Derivatives of Gaussian multiplicative chaos

TL;DR

This paper proves the convergence of derivatives of Gaussian multiplicative chaos in a logarithmic Gaussian field, providing bounds and an alternative real-valued approach to complex chaos in the subcritical regime.

Contribution

It introduces a novel method for analyzing derivatives of Gaussian multiplicative chaos, including bounds and a second moment approach for uniform integrability.

Findings

Derivatives of chaos converge as regularization vanishes.

Optimal bounds on growth of derivatives with respect to order.
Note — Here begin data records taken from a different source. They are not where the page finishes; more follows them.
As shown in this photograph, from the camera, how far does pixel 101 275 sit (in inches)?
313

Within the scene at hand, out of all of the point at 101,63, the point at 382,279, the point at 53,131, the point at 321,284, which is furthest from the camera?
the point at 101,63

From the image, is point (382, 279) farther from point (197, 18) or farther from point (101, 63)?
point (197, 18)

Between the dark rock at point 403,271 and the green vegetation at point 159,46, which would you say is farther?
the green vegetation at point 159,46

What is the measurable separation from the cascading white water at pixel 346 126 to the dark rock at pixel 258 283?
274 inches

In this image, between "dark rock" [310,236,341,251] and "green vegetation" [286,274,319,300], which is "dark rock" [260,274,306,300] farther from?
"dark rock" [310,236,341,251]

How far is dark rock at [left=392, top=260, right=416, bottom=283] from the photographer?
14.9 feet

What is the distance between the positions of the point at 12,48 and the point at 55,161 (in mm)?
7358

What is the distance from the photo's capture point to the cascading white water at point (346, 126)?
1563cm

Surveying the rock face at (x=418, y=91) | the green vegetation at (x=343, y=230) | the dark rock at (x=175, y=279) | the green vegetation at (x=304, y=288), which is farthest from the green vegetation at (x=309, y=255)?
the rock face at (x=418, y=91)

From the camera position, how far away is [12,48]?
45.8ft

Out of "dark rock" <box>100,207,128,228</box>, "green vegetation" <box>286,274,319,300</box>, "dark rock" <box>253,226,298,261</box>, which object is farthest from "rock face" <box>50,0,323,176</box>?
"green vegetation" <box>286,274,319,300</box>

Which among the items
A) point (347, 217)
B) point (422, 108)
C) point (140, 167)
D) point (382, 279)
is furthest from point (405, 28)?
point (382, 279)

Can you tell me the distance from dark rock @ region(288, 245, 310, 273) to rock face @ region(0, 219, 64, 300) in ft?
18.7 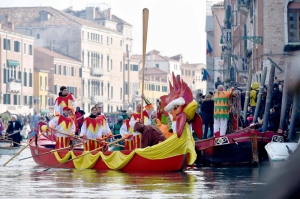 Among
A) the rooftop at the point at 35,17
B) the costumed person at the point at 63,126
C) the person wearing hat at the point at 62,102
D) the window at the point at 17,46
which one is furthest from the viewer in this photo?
the rooftop at the point at 35,17

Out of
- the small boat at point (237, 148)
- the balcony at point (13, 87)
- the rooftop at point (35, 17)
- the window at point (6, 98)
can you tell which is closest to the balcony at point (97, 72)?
the rooftop at point (35, 17)

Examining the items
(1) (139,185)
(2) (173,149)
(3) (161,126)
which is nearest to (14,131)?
(3) (161,126)

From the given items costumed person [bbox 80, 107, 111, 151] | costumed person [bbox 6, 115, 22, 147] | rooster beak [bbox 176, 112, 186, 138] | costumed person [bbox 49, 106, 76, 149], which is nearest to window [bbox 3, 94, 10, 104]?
costumed person [bbox 6, 115, 22, 147]

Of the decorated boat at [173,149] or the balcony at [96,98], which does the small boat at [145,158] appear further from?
the balcony at [96,98]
An alternative real-valued approach to complex Gaussian chaos.

Abstract

Consider a logarithmically-correlated Gaussian field $X$ in $d$ dimensions. For all $\gamma \in (-\sqrt{2d},\sqrt{2d})$, we show that the derivatives $\frac{\partial^k}{\partial\gamma^k} :e^{\gamma X_\epsilon}:$ of the regularised Gaussian multiplicative chaos $:e^{\gamma X_\epsilon}:$ converge as $\epsilon \to 0$. By deriving optimal bounds on their growth as $k\to\infty$, we control the power expansion of $:e^{\gamma X_\epsilon}:$ about each $\gamma\in(-\sqrt{2d},\sqrt{2d})$. This yields an alternative approach to complex Gaussian multiplicative chaos in the whole subcritical regime, based entirely on real-valued quantities. One of our key technical contributions is to provide a truncated second moment approach to the uniform integrability of the derivatives of multiplicative chaos and its associated complex variant.